**Task goal:** From the records below, copy out exactly the lines from the one containing "Hotel room deck" to the one containing "Ford Motorsport valve", both included. Add nothing else.

(Stored items from a collection)
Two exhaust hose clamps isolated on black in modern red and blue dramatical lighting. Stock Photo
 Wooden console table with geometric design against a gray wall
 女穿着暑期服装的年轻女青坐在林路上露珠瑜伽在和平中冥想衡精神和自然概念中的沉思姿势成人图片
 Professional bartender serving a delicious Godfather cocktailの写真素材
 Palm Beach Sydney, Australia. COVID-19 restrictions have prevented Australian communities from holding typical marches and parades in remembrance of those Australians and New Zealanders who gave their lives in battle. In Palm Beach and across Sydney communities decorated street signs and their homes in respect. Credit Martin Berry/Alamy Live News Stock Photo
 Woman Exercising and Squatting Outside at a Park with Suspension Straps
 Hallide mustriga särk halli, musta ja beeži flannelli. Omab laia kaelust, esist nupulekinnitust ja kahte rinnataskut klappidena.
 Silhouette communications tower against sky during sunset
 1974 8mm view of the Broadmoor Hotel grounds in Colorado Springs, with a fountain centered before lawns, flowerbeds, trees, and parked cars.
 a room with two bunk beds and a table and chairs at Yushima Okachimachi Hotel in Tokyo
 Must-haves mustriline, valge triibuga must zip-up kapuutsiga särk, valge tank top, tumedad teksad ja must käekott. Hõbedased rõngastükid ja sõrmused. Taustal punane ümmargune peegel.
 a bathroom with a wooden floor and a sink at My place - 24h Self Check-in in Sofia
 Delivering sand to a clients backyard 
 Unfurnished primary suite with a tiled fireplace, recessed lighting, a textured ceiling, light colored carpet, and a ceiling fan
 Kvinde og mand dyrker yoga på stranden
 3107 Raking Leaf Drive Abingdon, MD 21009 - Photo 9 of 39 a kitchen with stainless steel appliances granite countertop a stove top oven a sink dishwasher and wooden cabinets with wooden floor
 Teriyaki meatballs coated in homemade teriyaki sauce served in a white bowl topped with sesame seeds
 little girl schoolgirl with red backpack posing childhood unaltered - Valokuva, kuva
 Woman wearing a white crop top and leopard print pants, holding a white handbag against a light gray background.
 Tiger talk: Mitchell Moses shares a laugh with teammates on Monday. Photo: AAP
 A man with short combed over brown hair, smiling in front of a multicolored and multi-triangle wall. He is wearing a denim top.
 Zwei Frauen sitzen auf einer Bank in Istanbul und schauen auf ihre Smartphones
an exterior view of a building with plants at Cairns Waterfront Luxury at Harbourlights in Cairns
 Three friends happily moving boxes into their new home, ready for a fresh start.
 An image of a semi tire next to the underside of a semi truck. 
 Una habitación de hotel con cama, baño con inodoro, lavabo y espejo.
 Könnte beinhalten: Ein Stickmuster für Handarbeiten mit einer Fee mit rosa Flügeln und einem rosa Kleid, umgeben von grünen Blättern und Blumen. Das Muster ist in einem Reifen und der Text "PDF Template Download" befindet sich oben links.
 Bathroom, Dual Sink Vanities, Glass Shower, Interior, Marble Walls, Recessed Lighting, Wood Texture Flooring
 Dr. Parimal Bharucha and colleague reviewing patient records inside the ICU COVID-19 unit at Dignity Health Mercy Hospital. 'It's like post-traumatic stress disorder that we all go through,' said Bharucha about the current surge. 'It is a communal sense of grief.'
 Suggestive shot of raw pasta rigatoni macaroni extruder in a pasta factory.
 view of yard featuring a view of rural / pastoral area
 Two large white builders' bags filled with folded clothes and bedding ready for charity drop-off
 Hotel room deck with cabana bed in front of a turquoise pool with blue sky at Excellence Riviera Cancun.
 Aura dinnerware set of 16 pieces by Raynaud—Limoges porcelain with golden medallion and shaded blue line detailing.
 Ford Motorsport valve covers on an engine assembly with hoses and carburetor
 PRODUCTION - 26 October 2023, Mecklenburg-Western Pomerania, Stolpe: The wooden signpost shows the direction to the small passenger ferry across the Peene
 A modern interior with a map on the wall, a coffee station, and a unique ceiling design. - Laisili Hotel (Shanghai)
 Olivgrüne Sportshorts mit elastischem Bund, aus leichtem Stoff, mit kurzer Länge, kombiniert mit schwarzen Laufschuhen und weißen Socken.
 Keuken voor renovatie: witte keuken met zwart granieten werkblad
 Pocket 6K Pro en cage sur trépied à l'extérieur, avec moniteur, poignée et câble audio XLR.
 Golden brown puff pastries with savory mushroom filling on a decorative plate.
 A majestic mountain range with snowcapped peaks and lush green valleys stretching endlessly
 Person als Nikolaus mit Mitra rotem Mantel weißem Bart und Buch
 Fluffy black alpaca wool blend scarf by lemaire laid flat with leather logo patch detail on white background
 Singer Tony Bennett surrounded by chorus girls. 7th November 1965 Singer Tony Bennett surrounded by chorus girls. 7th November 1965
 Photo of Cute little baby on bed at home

**Exercise output:**
 Hotel room deck with cabana bed in front of a turquoise pool with blue sky at Excellence Riviera Cancun.
 Aura dinnerware set of 16 pieces by Raynaud—Limoges porcelain with golden medallion and shaded blue line detailing.
 Ford Motorsport valve covers on an engine assembly with hoses and carburetor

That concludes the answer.